*** Exercise data ***
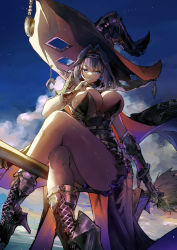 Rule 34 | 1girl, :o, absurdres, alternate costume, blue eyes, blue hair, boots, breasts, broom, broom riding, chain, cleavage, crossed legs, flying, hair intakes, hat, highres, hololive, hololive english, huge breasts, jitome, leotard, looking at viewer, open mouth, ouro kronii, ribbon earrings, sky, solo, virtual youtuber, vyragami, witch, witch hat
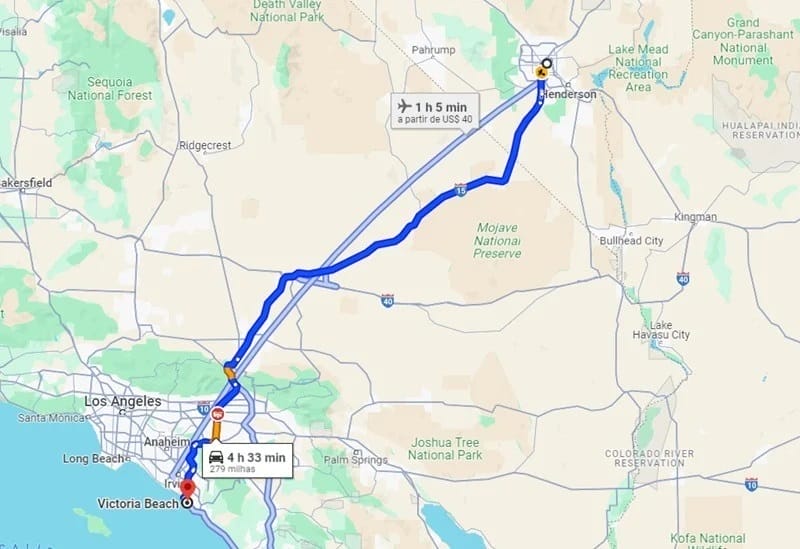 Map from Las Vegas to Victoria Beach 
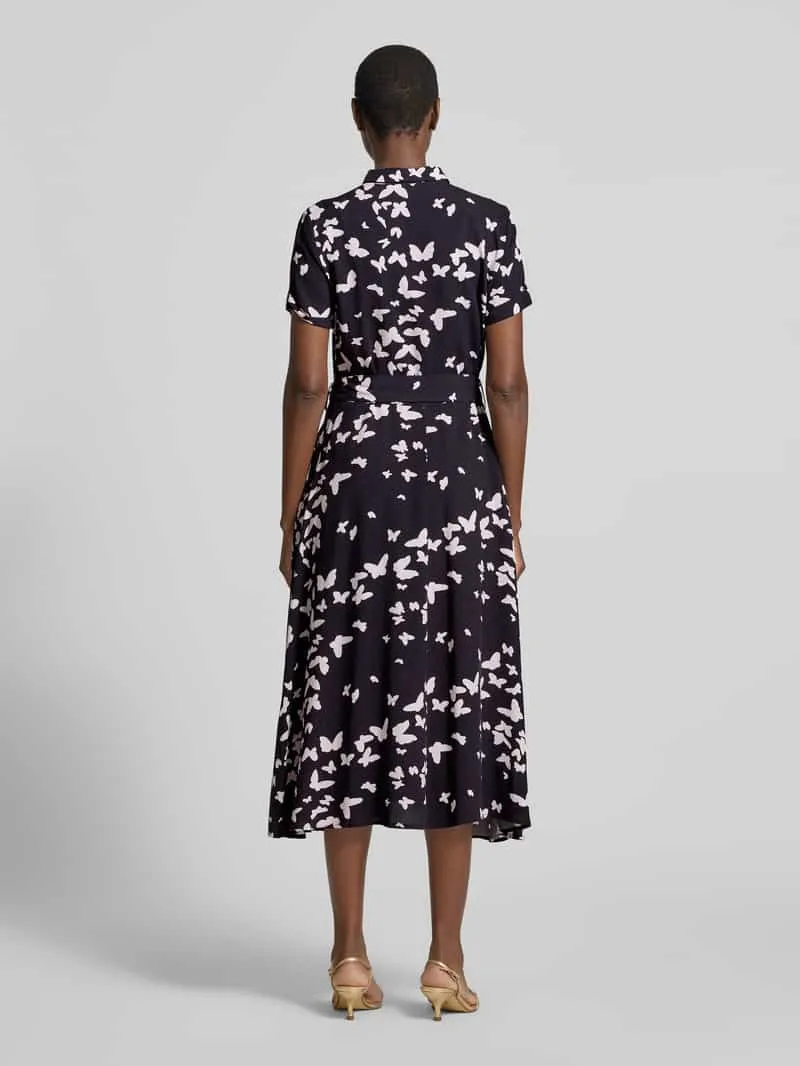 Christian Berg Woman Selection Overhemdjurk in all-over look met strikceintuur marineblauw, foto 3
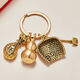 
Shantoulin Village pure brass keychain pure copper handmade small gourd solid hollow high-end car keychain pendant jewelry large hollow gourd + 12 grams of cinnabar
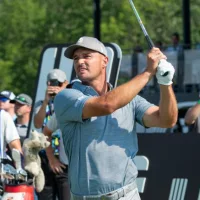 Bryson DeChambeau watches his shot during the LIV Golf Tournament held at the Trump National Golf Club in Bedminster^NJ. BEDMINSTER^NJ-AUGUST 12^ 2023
***
# Requirement
Nothing but the lines from the one holding "Map from Las Vegas to Victoria Beach" to the end of the entries above should be echoed, exactly and with both ends included; omit the pictures.

# Response to this task
 Map from Las Vegas to Victoria Beach 
 Christian Berg Woman Selection Overhemdjurk in all-over look met strikceintuur marineblauw, foto 3
Shantoulin Village pure brass keychain pure copper handmade small gourd solid hollow high-end car keychain pendant jewelry large hollow gourd + 12 grams of cinnabar
 Bryson DeChambeau watches his shot during the LIV Golf Tournament held at the Trump National Golf Club in Bedminster^NJ. BEDMINSTER^NJ-AUGUST 12^ 2023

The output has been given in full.